**Task:** Exactly the lines from the one containing "Dacia Lodgy 1.3" through the end of the listing must make up the answer, with no pictures included.

[[ Input for this task open ]]

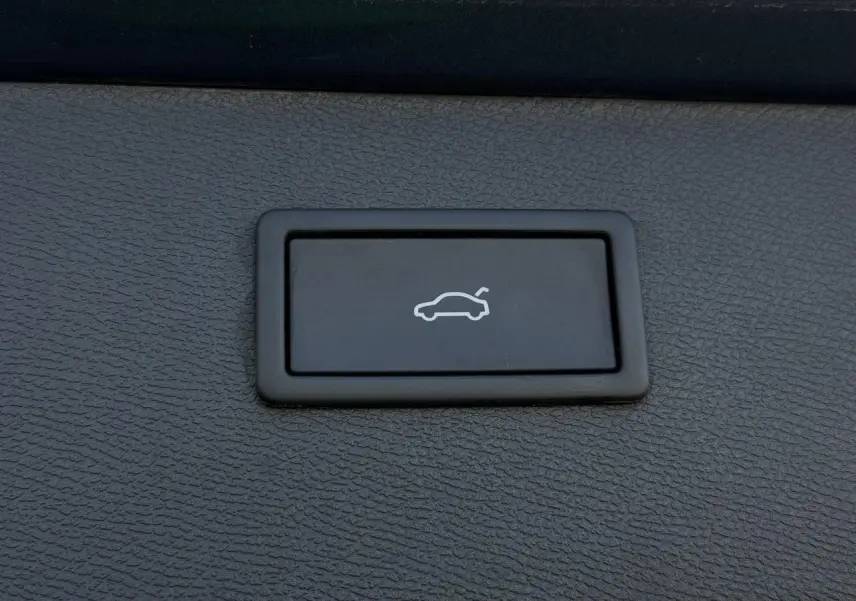 Bouton noir de hayon électrique avec pictogramme blanc, détail intérieur du CUPRA Formentor 2025.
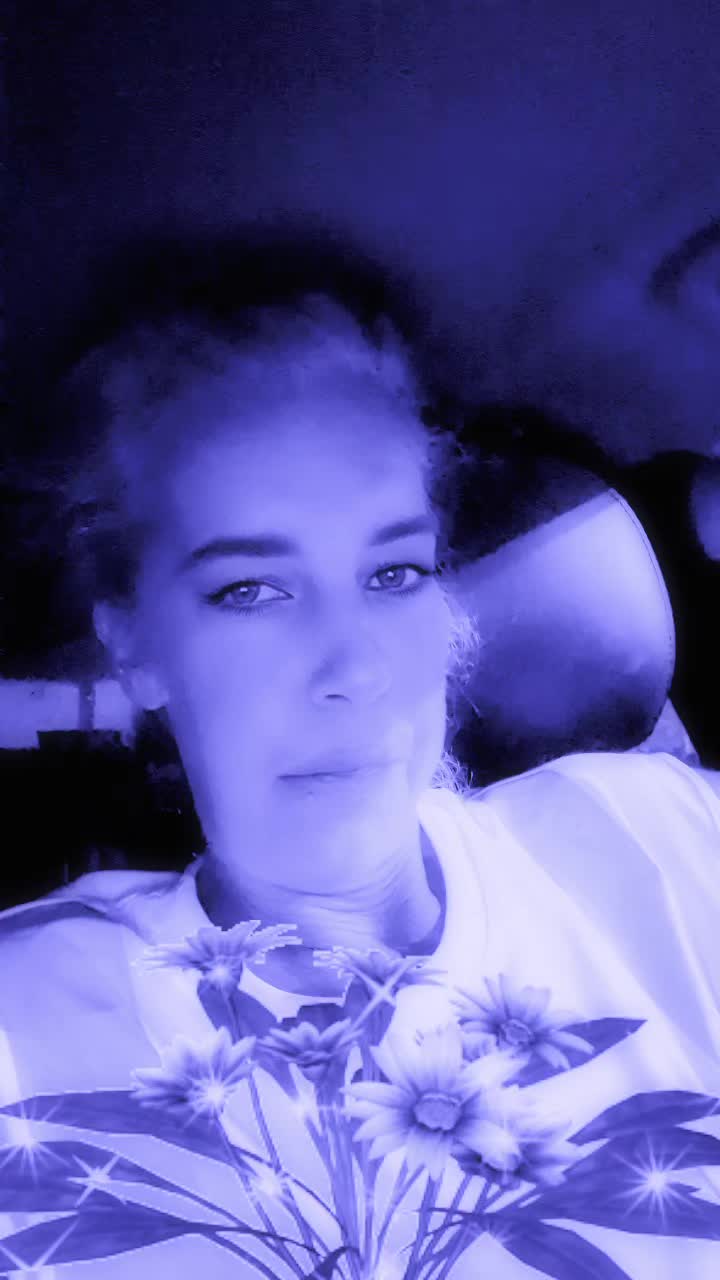 @KCK-Trucking-Girl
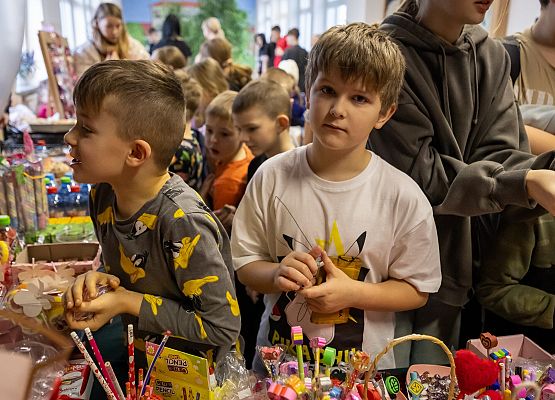 uczniowie podczas charytatywnego kiermaszu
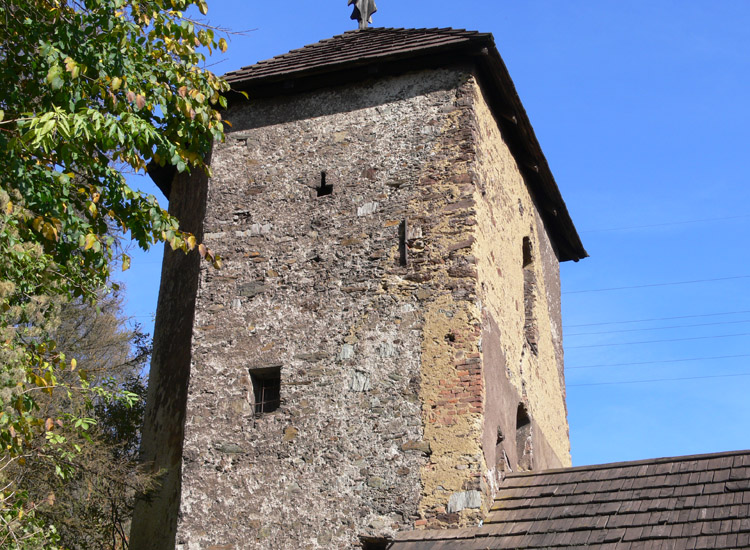 Tollinghof: Bergfried mit Schiesscharten.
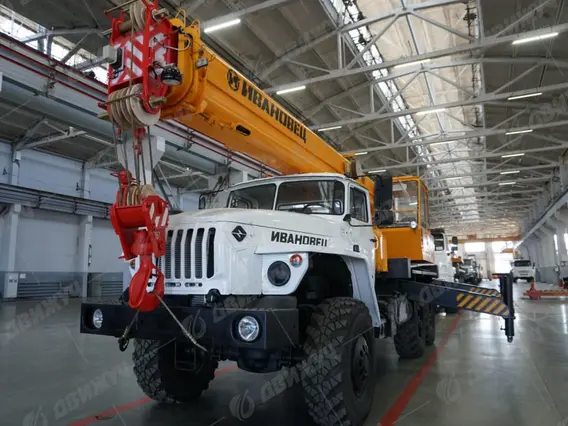 Автокран Ивановец КС-35714 на шасси УРАЛ-5557 2026 года новый фото 5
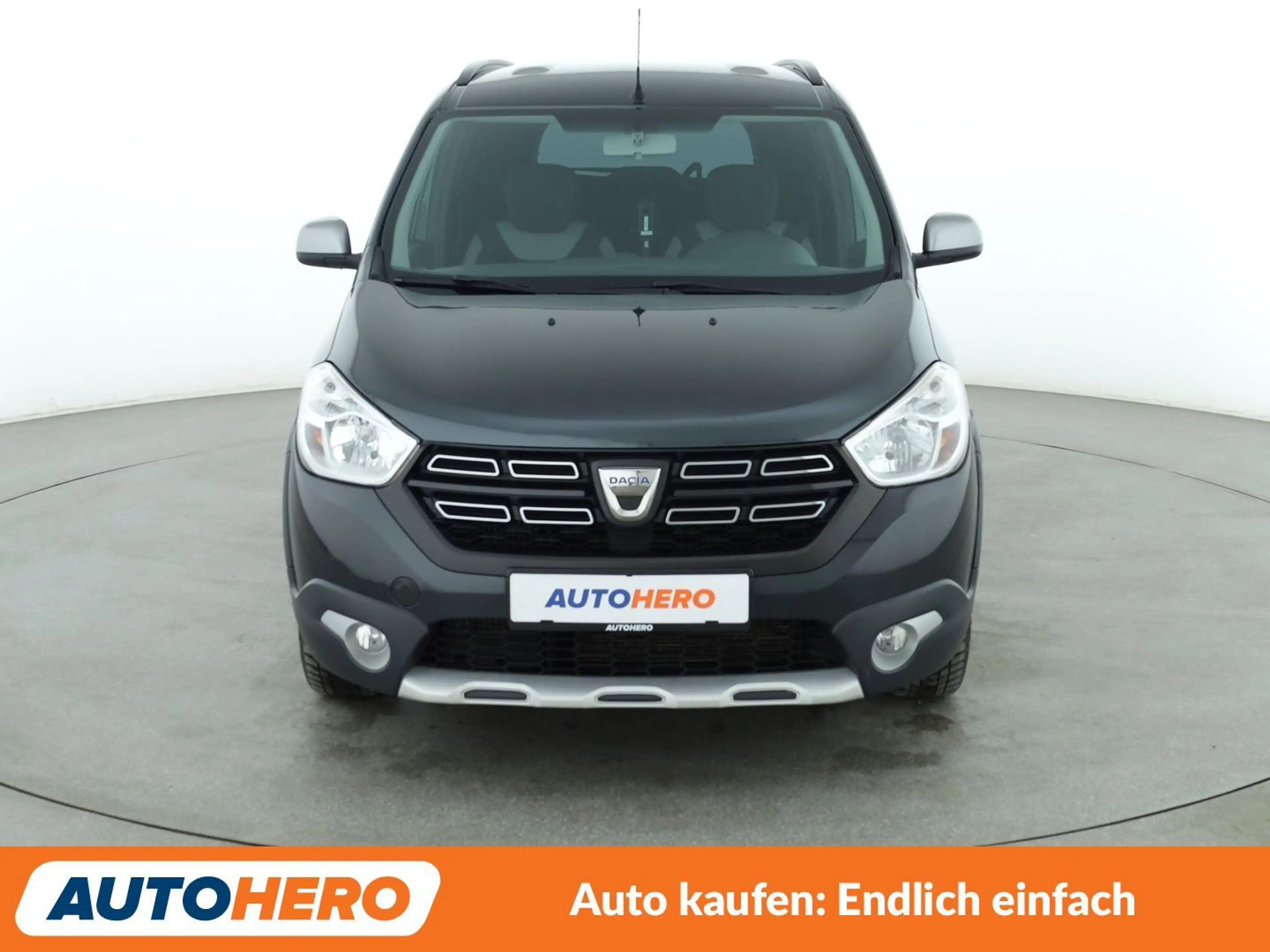 Dacia Lodgy 1.3 TCe Stepway Plus*CAM*PDC*NAVI*SHZ*TEMPO*KLIMA* — photo 9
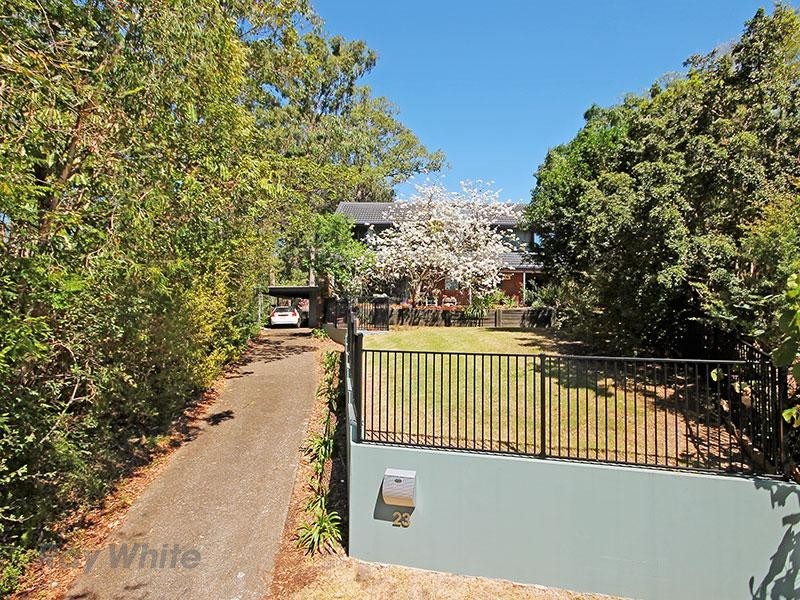 23 Staaten Street, Chapel Hill QLD 4069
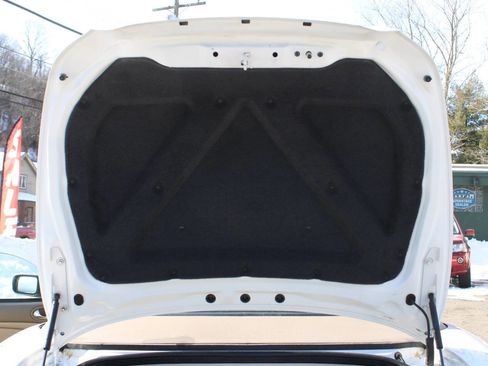 Used 2005 Jaguar XK8 XK8 2dr Convertible image 37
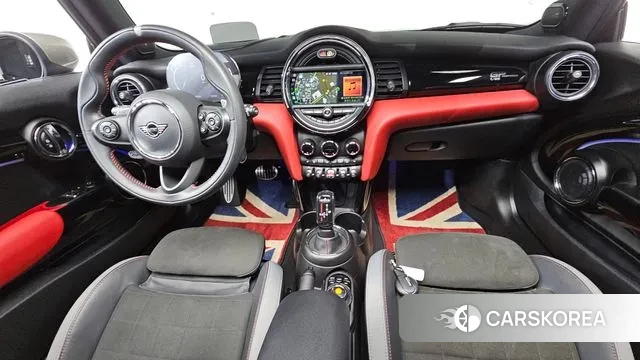 Mini Cooper S id 3468809 из Кореи 17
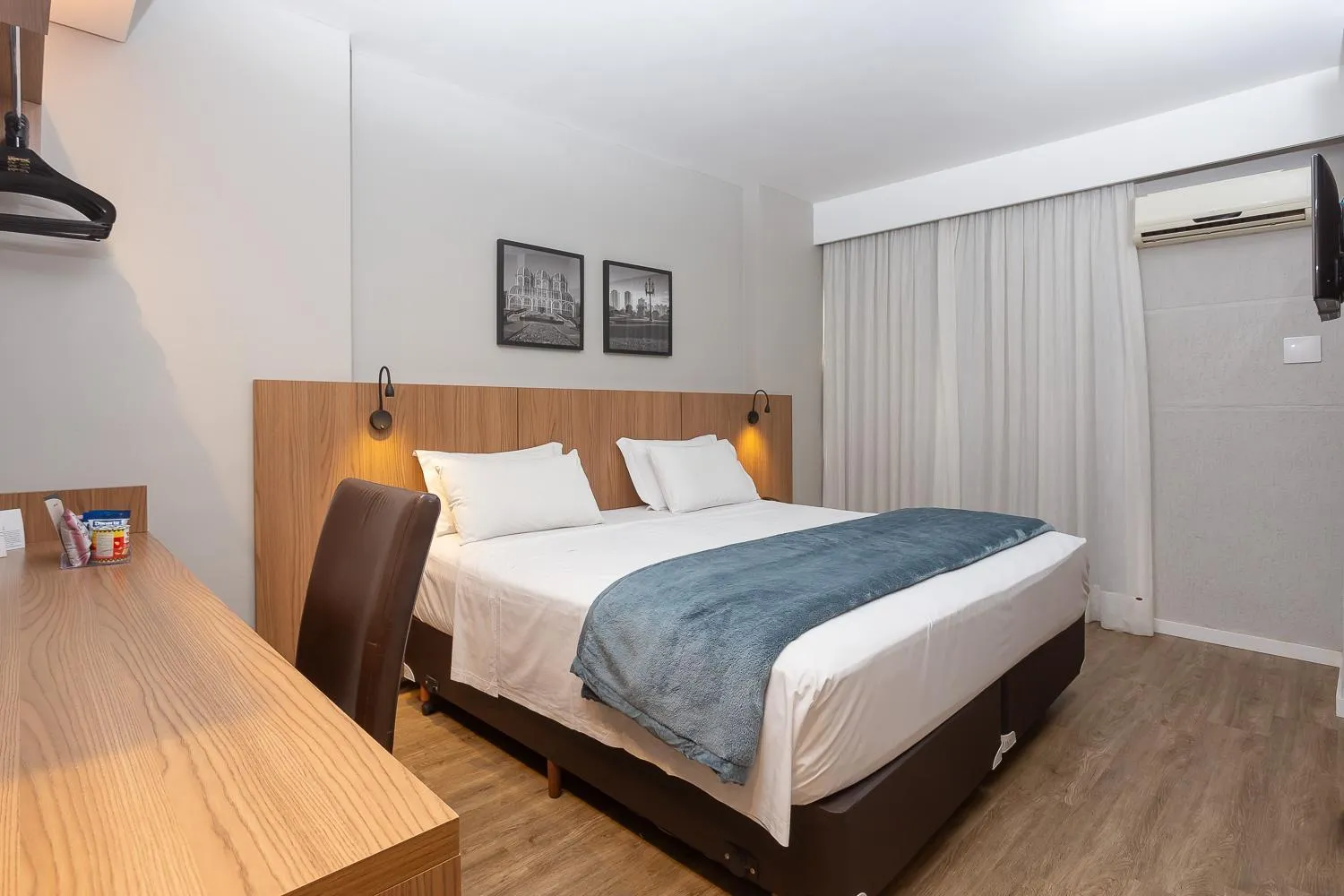 Bed in Roochelle Hotel by Nobile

[[ Input for this task closed ]]

**Your response:**
 Dacia Lodgy 1.3 TCe Stepway Plus*CAM*PDC*NAVI*SHZ*TEMPO*KLIMA* — photo 9
 23 Staaten Street, Chapel Hill QLD 4069
 Used 2005 Jaguar XK8 XK8 2dr Convertible image 37
 Mini Cooper S id 3468809 из Кореи 17
 Bed in Roochelle Hotel by Nobile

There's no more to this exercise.